By Gino Blefari
This week my travels find me in Southern California for a meeting with the HomeServices of America, Inc. board and to work with our staff at HQ on products and services that will help our brokerage networks achieve even greater success this year. Just before arriving in California, I had finished The Storyteller’s Secret by best-selling author Carmine Gallo—who also wrote one of my favorite books, Talk Like TED—about the power of stories to impress, illuminate and inspire.
“We’re all storytellers,” Gallo writes. “We don’t call ourselves storytellers but it’s what we do every day.” He goes on to explain that in this twenty-first century age of information—the “knowledge economy”—we are only as valuable as our ideas.
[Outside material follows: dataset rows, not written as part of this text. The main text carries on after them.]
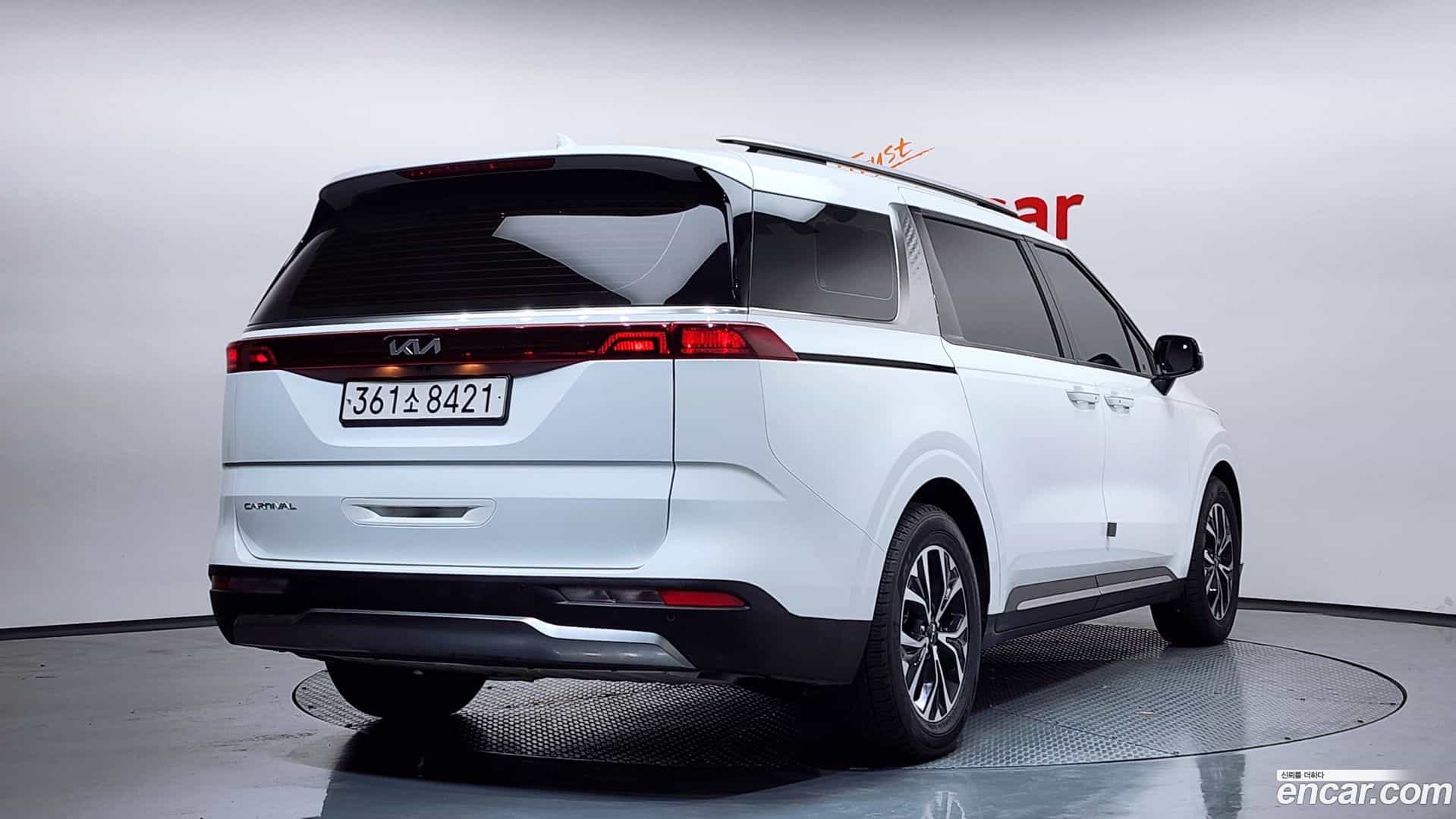 Canival Kia 2022.0-OUTER-002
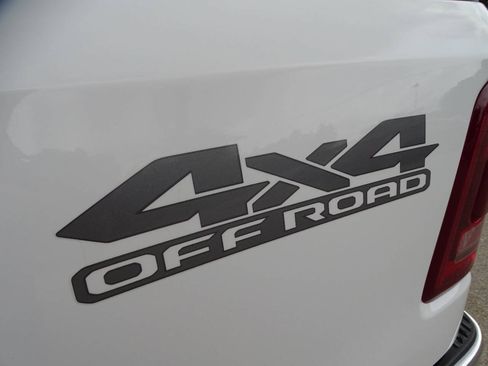 Used 2023 RAM 1500 4x4 Crew Cab Big Horn image 48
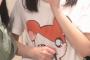【悲報】道重さゆみさん(32)、「ハム太郎」のTシャツを着てしまう。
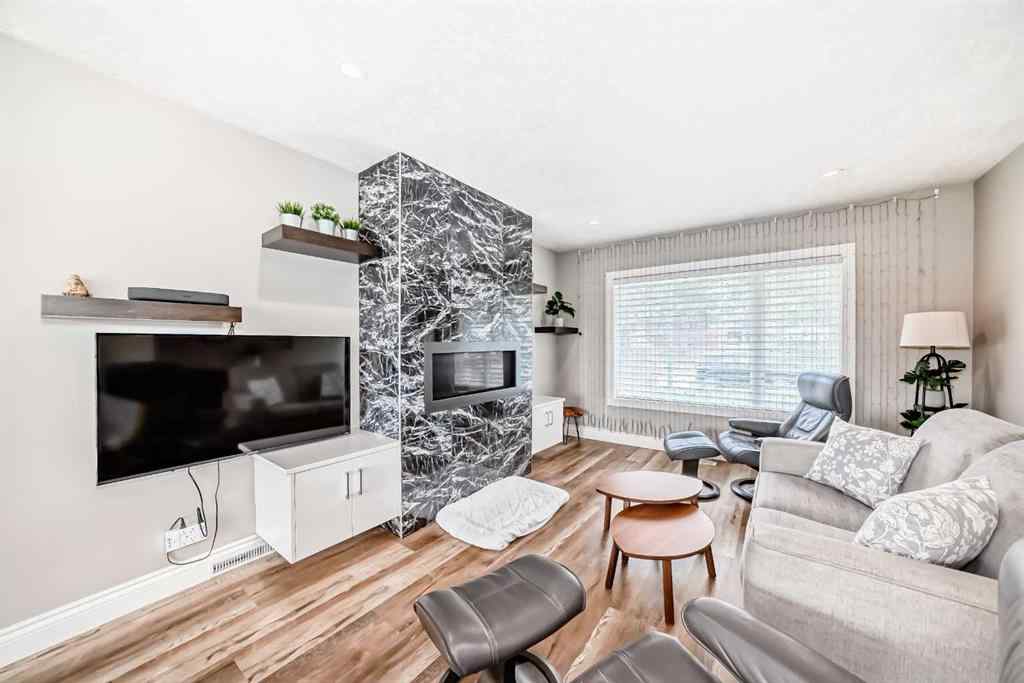 MLS® A2235228 - 2415 9 Avenue NW in West Hillhurst Calgary, Residential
In the spirit of idea-sharing, here are five of my favorite concepts Gallo presents in his book:
- “Inspired storytellers are inspired themselves.” All the great speakers of the world have one thing in common: passion. They don’t just get up on stage and talk; they infuse each and every word with energy, enthusiasm and enough passion to make you feel something, too.
- “Inspiring storytellers are not always born; they’re made.” The art of storytelling can evolve over time. Just because you may not be the best at telling your story now doesn’t mean you can’t achieve greatness with a little practice. As I say, you should never just “try,” you should only “do”!
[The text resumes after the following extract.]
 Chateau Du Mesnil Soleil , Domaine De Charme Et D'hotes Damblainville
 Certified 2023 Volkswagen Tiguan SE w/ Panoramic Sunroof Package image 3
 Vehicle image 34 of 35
- “Inspiring storytellers are eager to tell their backstory because it’s a gift that shaped their life, career and business.” Some of the most successful people in the world came from the humblest beginnings. Embrace the valleys of your life because they helped define the peaks.
- “Inspiring leaders ignite passion and loyalty by infusing their brand’s narrative with a higher mission.” At Berkshire Hathaway HomeServices, we embrace the Sunshine Kids. But the Sunshine Kids aren’t just an organization we donate money to; they’re part of who we are as a brokerage network and our compassion for them helps shape the kind of professionals we aspire to be.
- “Inspiring speakers build a story structure for every important pitch, presentation, meeting or conversation and, in doing so, they introduce three components … villains, heroes and struggle.” When Steve Jobs presented the iPhone for the first time, he labeled competitor smartphones like the Blackberry, Motorola Q and Palm Trio “suspects” and “culprits,” Gallo describes. Jobs then asked a rapt audience how to “solve the problems” these competitor phones presented, creating a struggle between these nemeses and his own product. Then, he offered a resolution by way of the Apple iPhone and instantaneously, the most popular smartphone in history was born.
What’s the message? At a time when information seems more abundant than the oxygen we breathe, stories are important tools to package ideas in ways that can help us achieve our goals. Whether you’re helping a client sell a house or presenting to sell an idea, remember that we capture the mind with details but we capture the heart with our story. So think today about what your own story might be and then, go out there and share it with the world.